青春の坂道で
 5時の音楽を聴きながら軽めの夕食を済ませる。 一息ついたらバイトに出掛ける。
一階では夕食の準備が始まっている。 今夜は焼き魚と吸い物だって言ってたな。
 それにこの時間から風呂も沸いている。 部活をやっていない高校生たちが先を争って入っている。
俺はというと開いていた小説を読みながら時間を潰している。 6時には出掛けるからね。
 その頃、綾子はゼミを終えて買い物の最中だった。 仕送りも有るからってバイトは土日だけ。
「うーーんと、、、。 今夜はカレーを作ろうかな。」 弁当で済ませることも多いんだけどたまには料理をしたくなるらしい。
「雄二さんはどうなのかなあ?」 そんなことを呟きながらレジへ行く。
 スーパーを出ると鼻歌交じりに寮へ、、、。
部屋に入ると小さな冷蔵庫に食材を放り込んでまずは床に体を投げ出す。
涼しくなってきた風が頬を撫でていく。 ぼんやりしているともう6時だ。

 今夜も先輩の店は大賑わい。 さっきから注文が飛び回っている。
不思議と嫌な客が居ないんだよなあ。 先輩のあの性格も有るのかな?
 ここのバイトは俺も含めて3人。 注文を受けるたびに奥に入っていって先輩から料理を受け取ってくる。
おじさんたちの中には「兄ちゃんも飲め。」と言ってグラスを勧めてくれる人も居る。 最初は躊躇したけど先輩に「断らないで飲め。」と言われてからはなるべく飲むようにしている。
 10時を過ぎるとあのお姉さんがやってきた。 「こんばんは。」
「いらっしゃい!」 先輩の大きな声が聞こえた。 「今夜もたっぷり食べて行ってね。」
「こないだは寝ちゃってすいません。」 「いいよ。 誰も襲わないから。」
「え? 誰も?」 「何だよ? 山崎?」
「先輩が一番襲いたそうな顔してたけど、、、。」 「そうなんですか?」
 「こらこら、余計なことを言うな。」 「うーーん、襲われたいかも。」
「ええええええええ? 何で吸って?」 「いいから食事を運べ。」
「はいはい、、、王様。」 「ったく、、、。
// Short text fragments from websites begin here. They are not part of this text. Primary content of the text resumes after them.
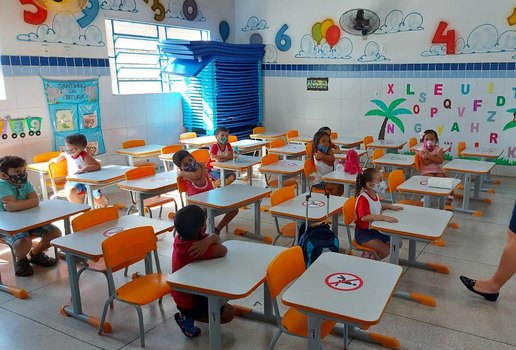 Em setembro, crianças voltaram às aulas presenciais em João Pessoa.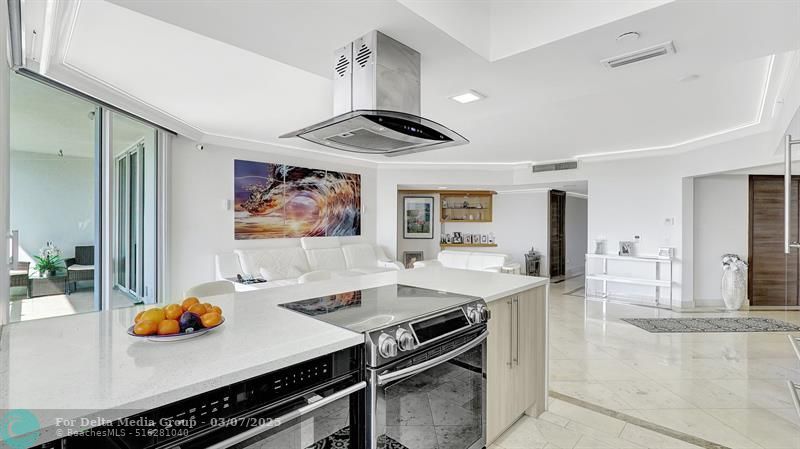 21205 Yacht Club Drive, Unit 3105, Aventura, FL 33180 Photo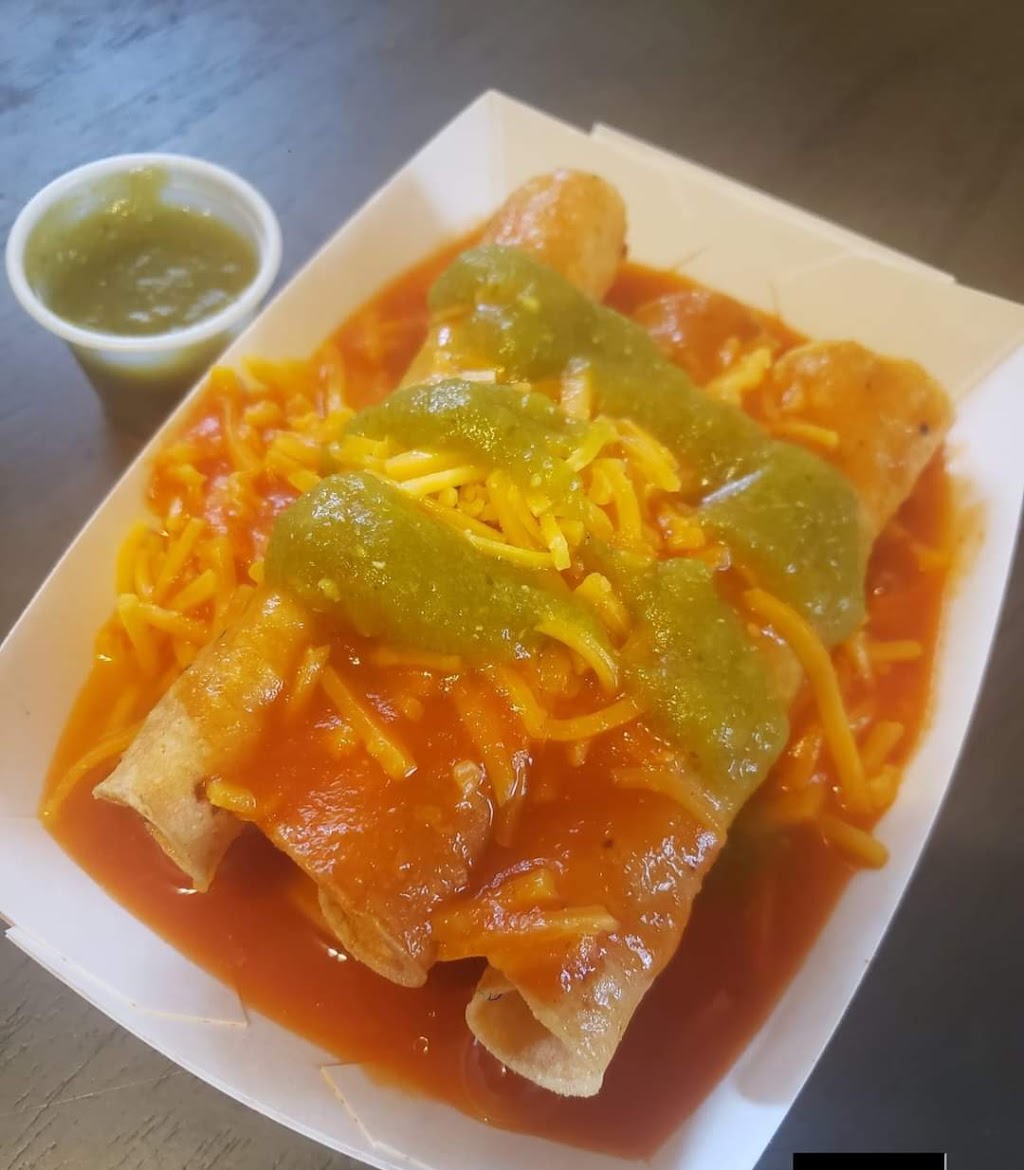 Gorditas Pat | restaurant | 538 E Pancake Blvd, Liberal, KS 67901, USA | 6203099086 OR +1 620-309-9086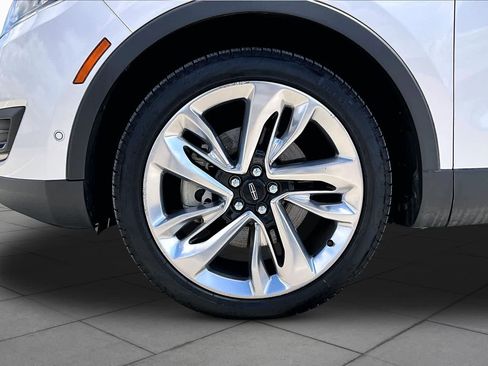 Used 2018 Lincoln MKX Reserve w/ Driver Assistance Package FWD image 11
」
 それにしても今夜もまたまた飲んじまったなあ。 毎晩こんなんでいいのか?
12時半に店を閉めると俺たちは2階へ上がる。 そしてまた麻雀に励むのである。
 取ったの取られたのって言いながら飲んではまたパイを並べる。 女っ気まったく無し。
何回か勝負をして飽きちまったらみんなで雑魚寝する。 あっちこっちで鼾が聞こえる。
 目が覚めれば朝だ。 そしたら下宿へ帰るんだ。